Though it's sometimes frustrating to be limited by the number of daylight hours available (and by having to sleep through some of the dark ones), a project of this sort can suffer from too much haste. When restoring a moonscape (as we called the denuded site before work started), you've got to pause to see how things are working. Any attempt to establish a cooperative natural system of various plants and animals that isn't
Consequently, despite all we've accomplished, this is in no way a final report. There's a long way to go; in fact, some of our steps will have to be taken over again. But as we approach the second full growing season on the property, we've found it necessary to review what we've done and to refine our concept of where we're going. This article is a summation of those musings and a report on the latest piece of construction: the greenhouse.
The Household Today
Our first project, of course, was to build a comfortable, efficient, economical home on the property. The residence contains 1,000 square feet, cost a little less than $10 per square foot (in materials) to build, was fairly labor-intensive to put up — both because of its shape and because of construction techniques we used to minimize material used — and meets Southern Building Code Congress requirements. The structure's space heating demand is quite low (less than 10 million auxiliary Btu per year) because of the home's shape, earth sheltering, heavy insulation, and passive solar gain.
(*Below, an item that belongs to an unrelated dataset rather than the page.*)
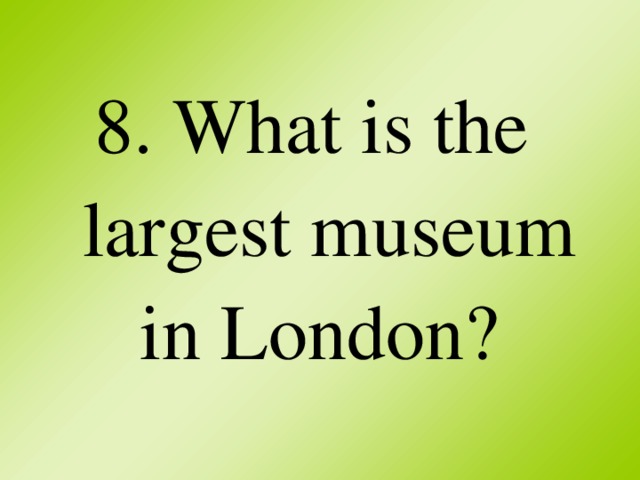 8. What is the largest museum in London?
The occupants used between 1/2 and 3/4 cord of hardwood last winter.
The house isn't hooked up to the utility grid. Instead, it's wired for 12 volts and is served by a small hydroelectric generator, which, in turn, is backed up by an AC/DC motor-driven generator. Power use is about one kilowatt hour per day at 12 volts: The occupants run the backup generator to boost the battery bank and to power the vacuum cleaner and other major appliances. We've been working on a 12-volt refrigerator, but there won't be enough power to serve even its meager needs until photovoltaic panels are installed to augment the hydropower. The range and water heater are run on LP gas at this point. We'd love to have a wood cookstove, but time and funds haven't allowed that yet. A passive solar water heater is the next item on our construction agenda.
As we've already mentioned, most of the ground used for this project was a virtual wasteland when we started. It had been used as a stump, rock and earth fill, and most of the area had no topsoil at all. Hence, our first priority was to get cover crops in that would begin renovating the surface layers of earth. As soon as heavy construction was finished, in the spring of 1983 a temporary crop of hairy vetch was planted in an effort to control erosion until proper cover cropping could be done in the fall.
In the autumn, Bob Kornegay (manager of the agricultural aspects of the project) seeded the high area north, east and southeast of the house with a mixture of five parts fescue to one part clover — a perennial combination that's easy to maintain and that loosens the upper layers of soil with both its roots and the biomass that it adds to the earth when mowed periodically. The area closer to the building, some of which Bob hoped to put to work in the spring of 1984, got a mixture of hairy vetch and rye, all of which was to be turned under in the spring. At the time, Bob would have liked to have done the entire area in annuals to be turned into the soil, but he knew that job was beyond the capabilities of any of the tilling tools we had then. Now that he has access to a Gravely walking tractor with a rotary plow, however, he plans to speed the pasture renovation process by using annuals over the entire area.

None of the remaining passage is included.